What is the operating system?


----------



## Cookiegal (Aug 27, 2003)

Please post a screenshot of what you're seeing. There's no such thing as AOI Firewall.


----------



## Roger1959 (Jul 8, 2019)

It's actually called ZoneAlarm security Pro firewall


----------



## Roger1959 (Jul 8, 2019)

I've got the feeling that I don't really need this extra level of security but why would Mcafee tell me I needed to install this firewall to clean up my IP address?


----------



## Cookiegal (Aug 27, 2003)

We can't help you if you don't reply to all of the questions and perform the requested tasks.


----------



## lunarlander (Sep 22, 2007)

The Mcafee site you went to was probably based on a misspelling; which is really a for pay technical support site.

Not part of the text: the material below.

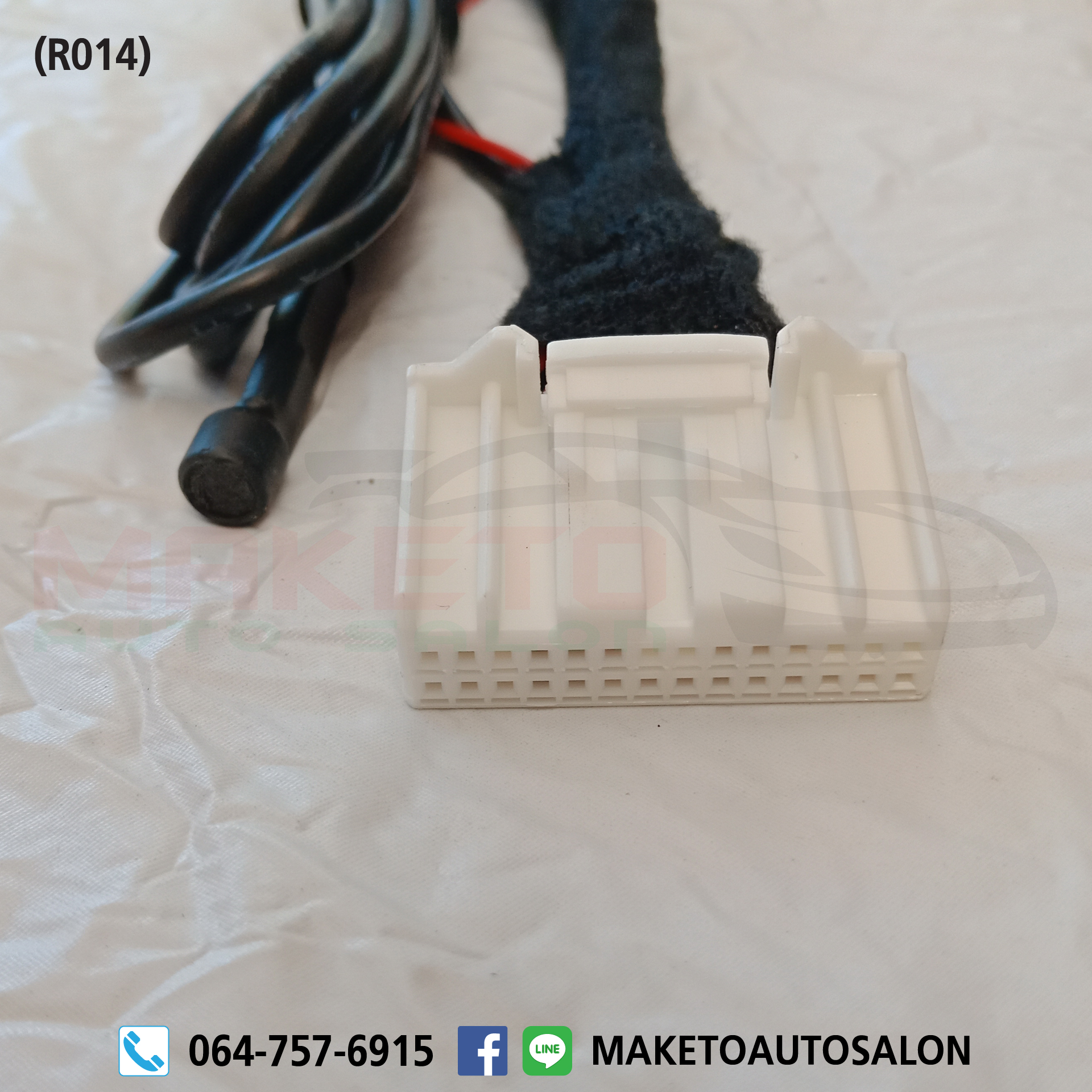 (R014) สายปลั๊กไฟวิทยุ Toyota เปิดระบบ Bluetooth พร้อมไมค์ สำหรับสายที่ต่อคอนโทรลพวงมาลัยอยู่แล้ว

And if you do some checking, you will find that the ZoneAlarm Pro costs only $30 currently.


----------



## Roger1959 (Jul 8, 2019)

Thanks for the info guys, I have not proceeded with the purchase and have downloaded a free product instead


----------



## Cookiegal (Aug 27, 2003)

Helpinghands68,

Please be careful when posting advice here. You need to specify that disabling the firewall is only a measure to do to test something to see if that's what's blocking it but they need to remember to turn it back on. Also, in this case, doing so may have let something nefarious in given that it looks like the product they were trying to install wasn't the legitimate McAfee.


----------